James R Kobzeff is the developer of ProAPOD Real Estate Investment Software. Create rental property cash flow, rates of return, and profitability analysis presentations in minutes. See how at http://www.proapod.com

How To Avoid Capital Gains Taxes With A Deferred Sales Trust

Tuesday, September 22nd, 2009

When a business owner considers the sale of a business interest or assets held or used in a company, careful income tax planning should be a priority to deal with the capital gain taxes that will be generated by the sale. Capital gain strategies for tax deferral or tax exclusion can be complicated and confusing to many, so it is critical that business owners review their capital gains and depreciation recapture taxes with their income tax advisors—especially the tax-deferred and tax-exclusion options available to them.

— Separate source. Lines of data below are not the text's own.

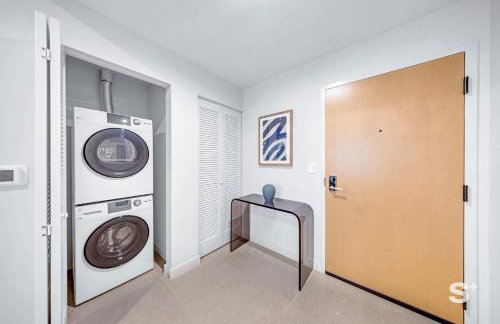 High-Rise Condo in Crosby Miami - Pool - Gym - Foto 6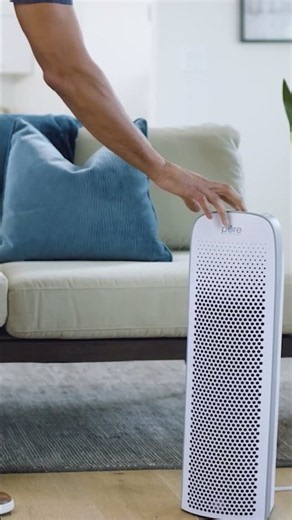 How Do Air Purifiers Improve Indoor Air Quality?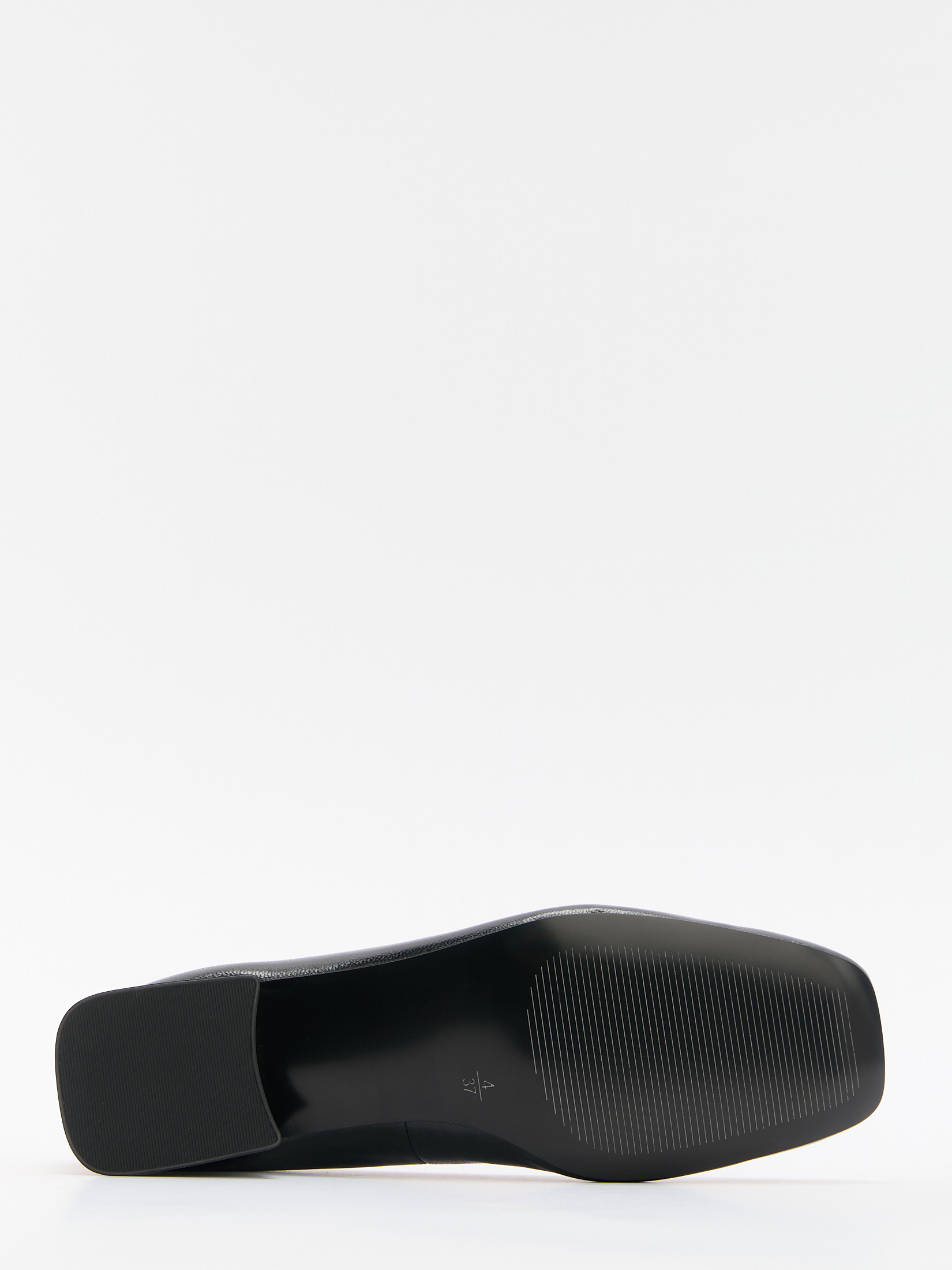 Женские туфли CAPRICE EVITA 4294912, черный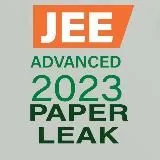 JEE MAINS LEAK 2025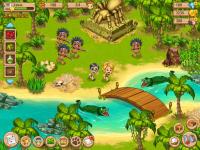 Island Experiment for PC
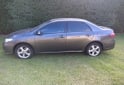 Autos - Toyota Corolla Xei Pack 2012 Nafta 205000Km - En Venta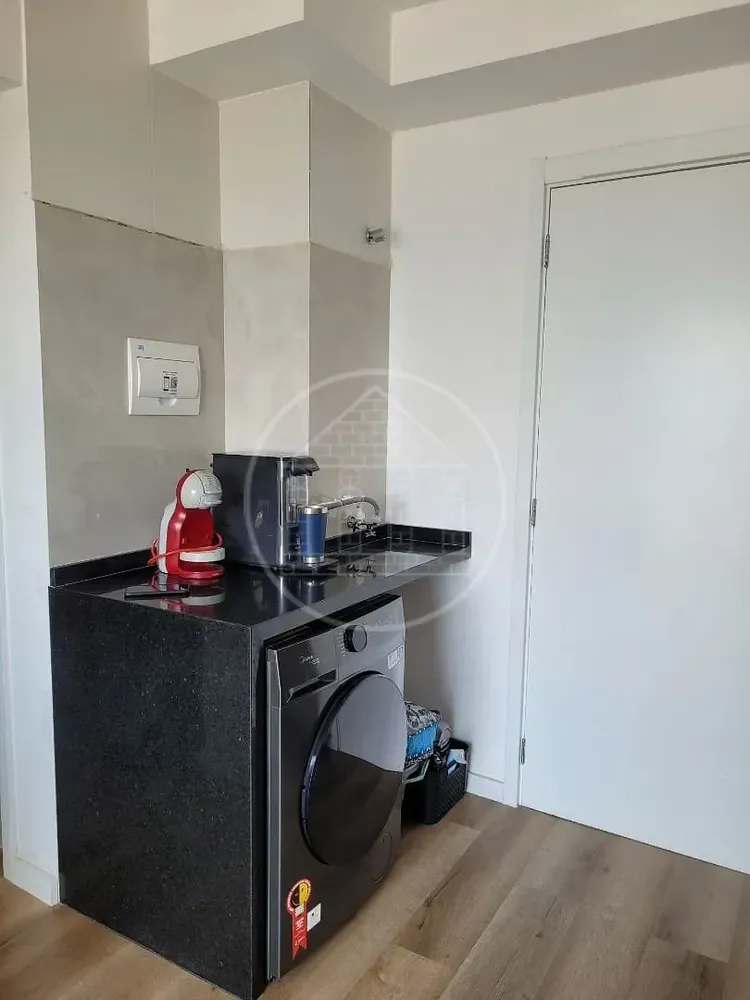 Apartamento, 1 quarto, 31 m² - Foto 3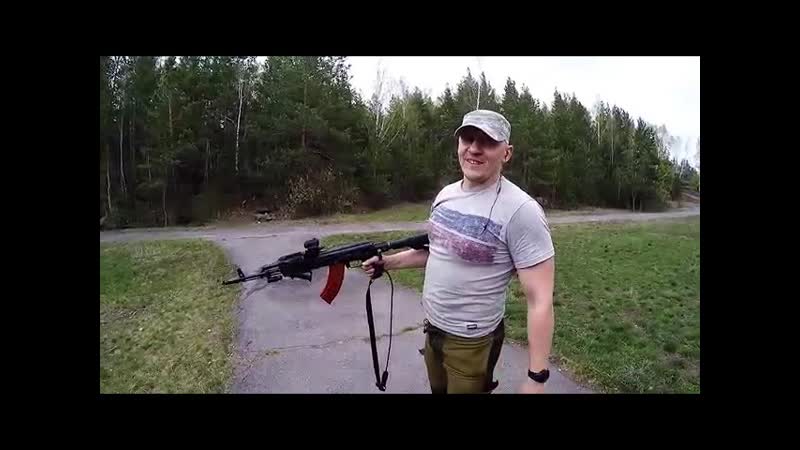 стоит ли охотиться на мелкую дичь 366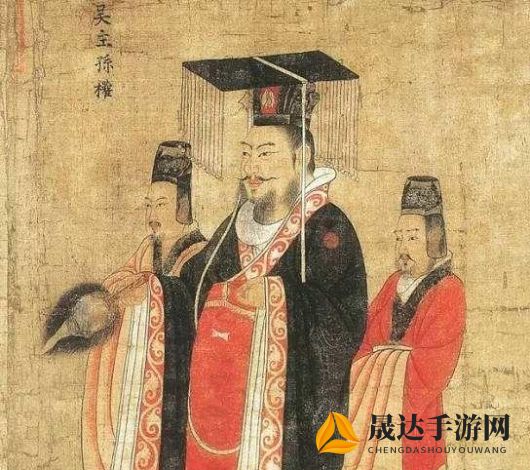 揭秘历史背景：三国鼎立中的关键人物刘备、曹操和孙权对中国历史进程的重大影响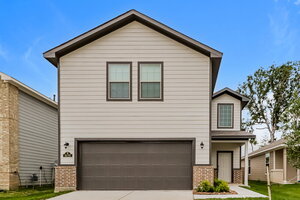 houses for rent in Porter Heights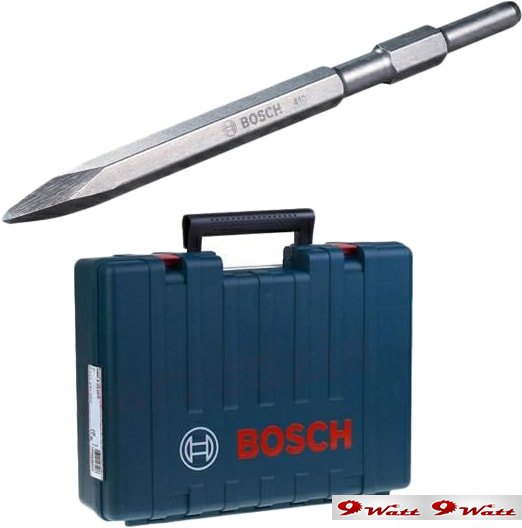 Отбойный молоток Bosch GSH 500 Professional 0611338720 - фото2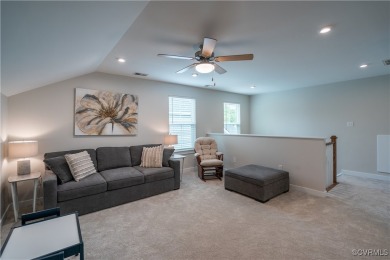 Welcome to this beautifully appointed 3 bdrm/3 full-bath home in on The Westham Golf Club At Magnolia Green in Virginia - for sale on GolfHomes.com, golf home, golf lot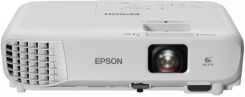 Epson EB-S05 recenzja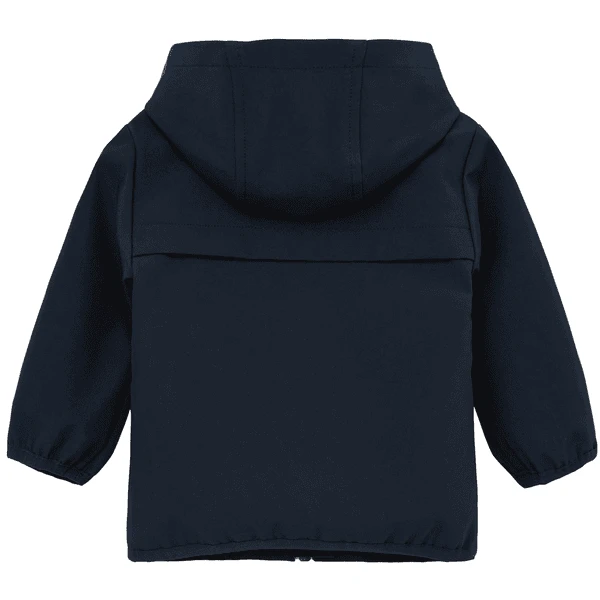 S.Oliver Softshelljacke Blue 2 S.Oliver Softshelljacke Blue – Bild 2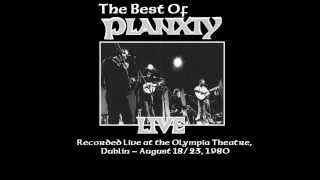Planxty - Live At The Olympia - 1980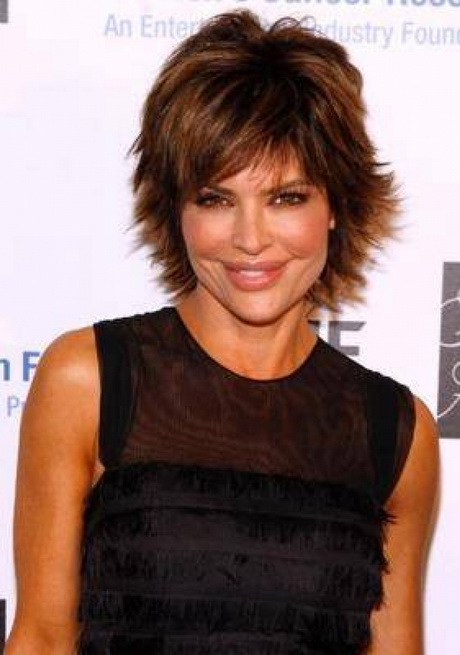 short-hairstyles-for-thick-coarse-hair-60_10 Short hairstyles for thick coarse hair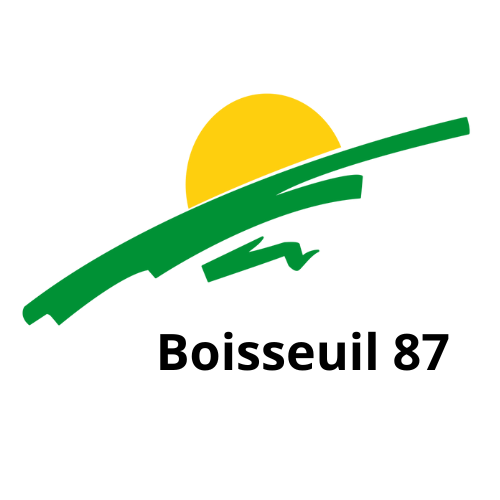 Nouvelle application municipale : Boisseuil 87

The Section 1031 Exchange may not be suitable or appropriate

When real or personal property that has been held for rental, investment or used in a business is sold or disposed of, owners often turn immediately to the tax-deferred exchange pursuant to Section 1031 of the Internal Revenue Code (”1031 exchange”) in order to defer the payment of their capital gains and depreciation recapture taxes. Though the Section 1031 Exchange is an incredible strategy to defer taxes resulting from the sale of investment real property, it may not be feasible, suitable or appropriate when selling acompany or an asset or property used in a business operation. 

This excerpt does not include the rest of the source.